I went to see The National this week with a friend. It’s one of my favourite bands at the moment and I’d been looking forward to it for a while. It was a great concert, though we left early after I fainted in the crowds – which happens quite often if I’m somewhere very warm and busy, particularly when I’m under the weather as I am at the moment. It was quite dramatic as it was so packed that I couldn’t get to the floor in time  when my vision started clouding and ended up properly passing out and being half carried out by a very nice guy, which has got to be the closest I’ve come to a ‘knight in shining armor’ for some time – though sadly he went back in before I could say thank you properly.

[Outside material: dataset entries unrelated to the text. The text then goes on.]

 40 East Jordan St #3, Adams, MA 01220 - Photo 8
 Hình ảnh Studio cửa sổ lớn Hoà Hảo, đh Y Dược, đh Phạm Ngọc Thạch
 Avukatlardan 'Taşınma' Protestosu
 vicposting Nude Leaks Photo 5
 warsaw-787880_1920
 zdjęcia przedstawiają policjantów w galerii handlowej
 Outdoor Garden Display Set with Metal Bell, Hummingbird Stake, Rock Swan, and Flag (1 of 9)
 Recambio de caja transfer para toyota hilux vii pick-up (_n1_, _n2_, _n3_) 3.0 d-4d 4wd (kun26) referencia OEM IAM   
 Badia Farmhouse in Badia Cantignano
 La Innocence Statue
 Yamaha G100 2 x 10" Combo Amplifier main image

If this were a Jane Austen novel, we would totally be engaged by now – just saying. Next time I’ll make sure I’m wearing some sort of empire line dress and carrying some embroidery or a sketchbook or something.

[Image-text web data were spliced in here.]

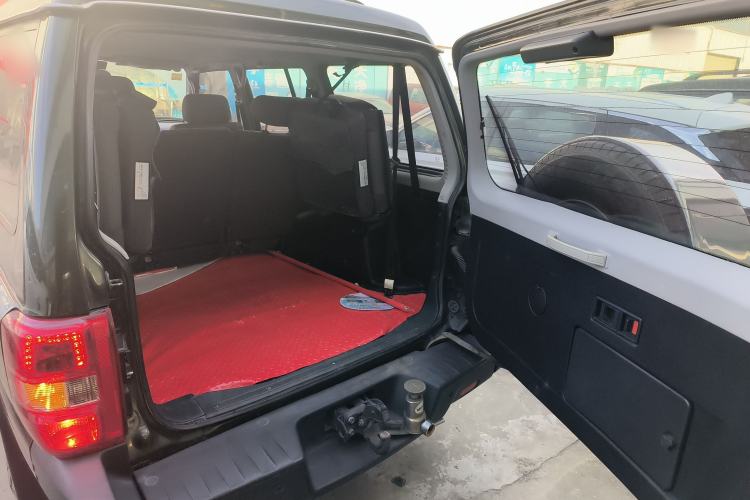 Used Leopaard Q6 2015 2.4L Manual 4x4 Excellence Edition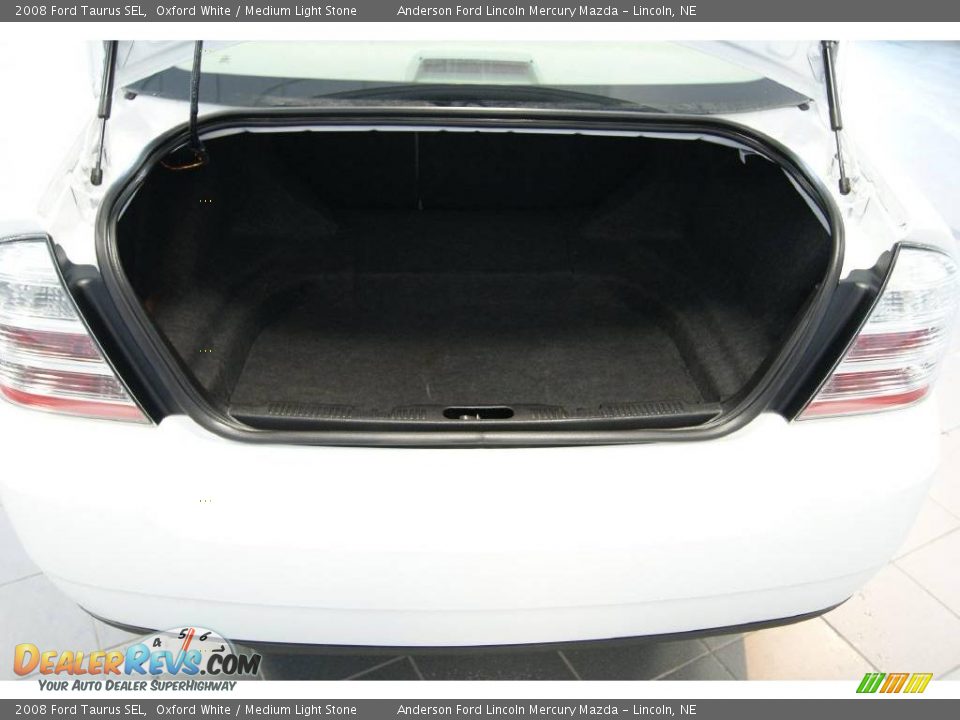2008 Ford Taurus SEL Oxford White / Medium Light Stone Photo #26
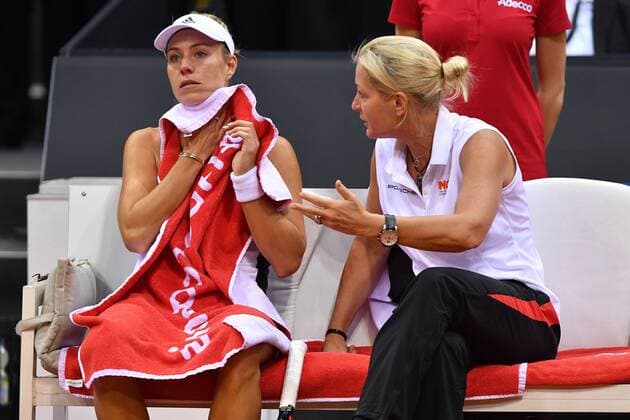 Angelique KERBER (GER) mit Barbara RITTNER (Teamchefin GER) waehrend einer Spielpause,sitzen auf der Bank.coaching, Tennis Fed Cup:Deutschland-Ukraine P O R S C H E A R E N A, Stuttgart am 23.04.2017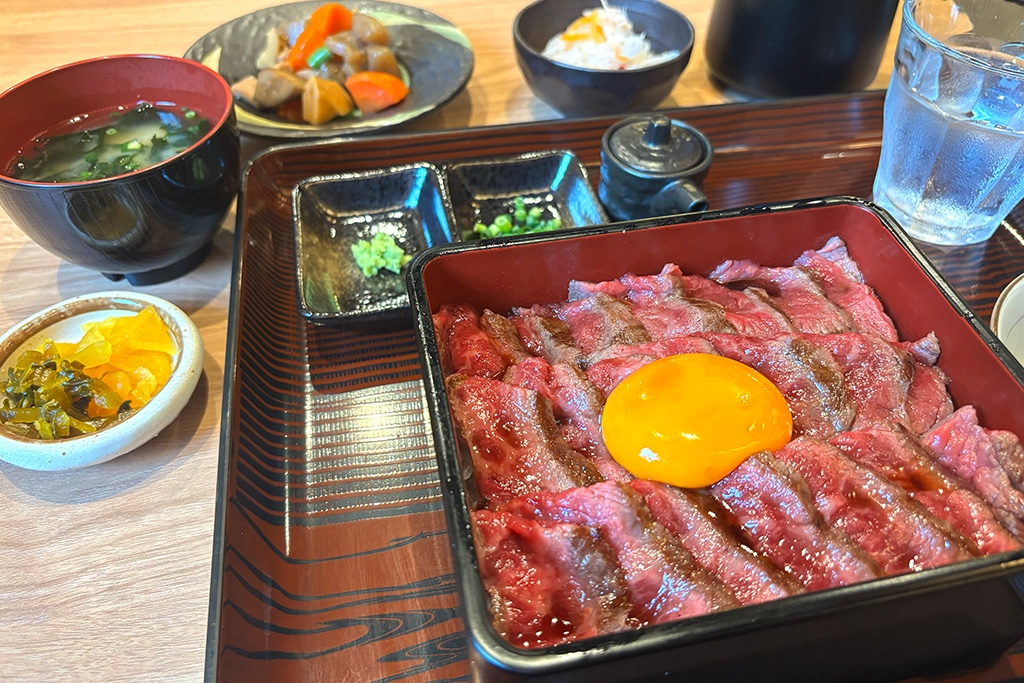【中津市】『米と肉と魚 八輪』こだわりのお米と炭火で焼き上げる話題の新店を徹底紹介 ‐ 6/1(月)新店舗オープン!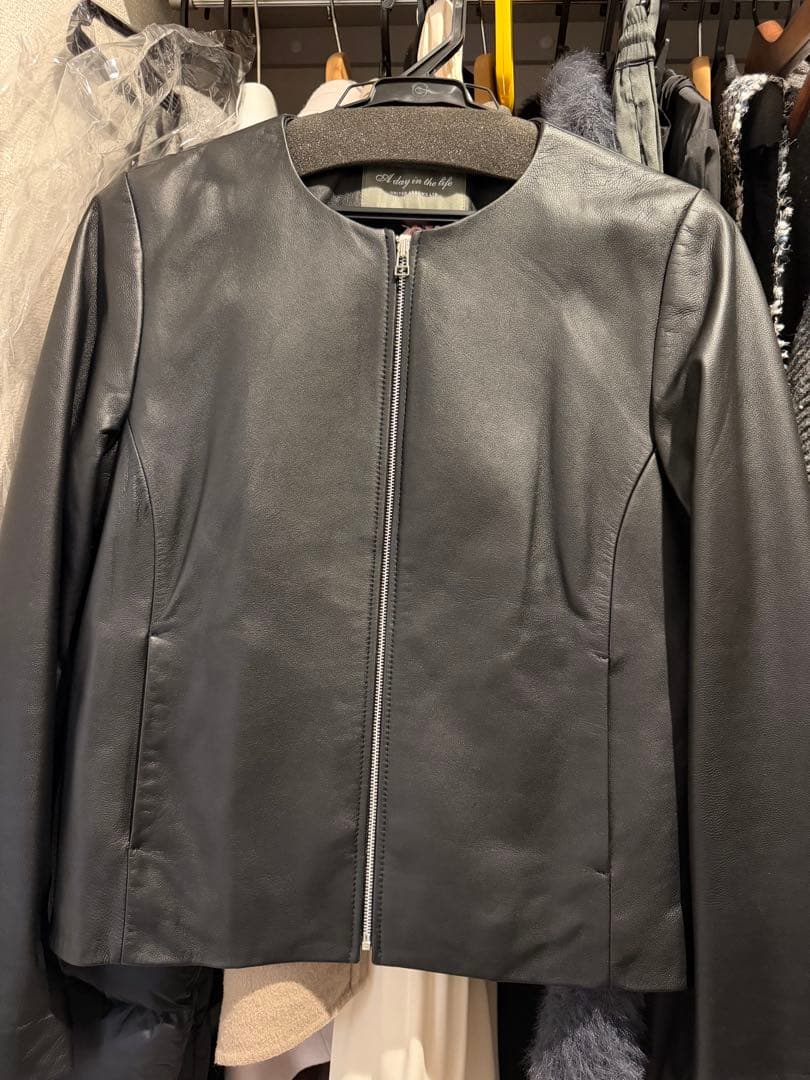 ユナイテッドアローズ　レザー　牛革　ライダース　ノーカラージャケットＭ　美品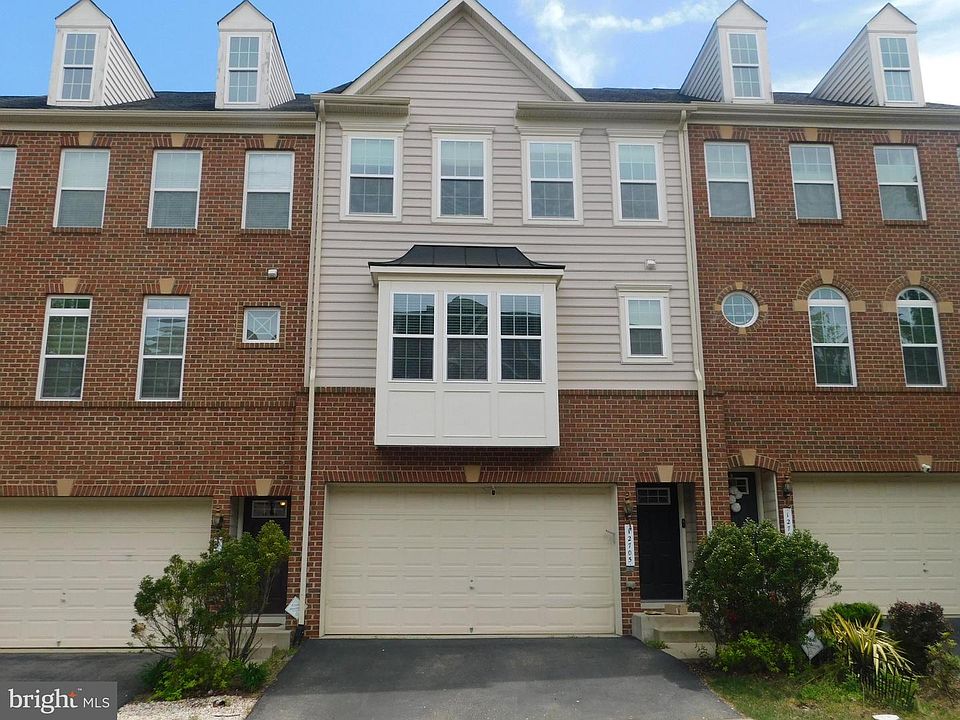 1st image of 12705 Bedford Glen Way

I listened to one of the band’s tracks, ‘Runaway’, so much this year – it was a constant fixture on my ‘melancholy music’ playlist. It rang pretty true, for a long time. Hearing it live kind of made me realise that I’m so much better than I was – it doesn’t grab me the same way the lyrics once did. I don’t feel quite as dragged towards drowning, as I did.  I don’t listen to it as much now. It’s strange sometimes, the things we use to mark recovery. For me, so often it is realising that I no longer read several books a week just because I lay awake not sleeping, or that I’m listening to cheerier music, or that I’m eating three meals a day, which is something I pretty much didn’t have the appetite for, for most of last year. I still have my blips, and if anything, these last few weeks have been a challenge and I’ve questionned often,  but I no longer feel like I’m at rock bottom. It’s a good feeling.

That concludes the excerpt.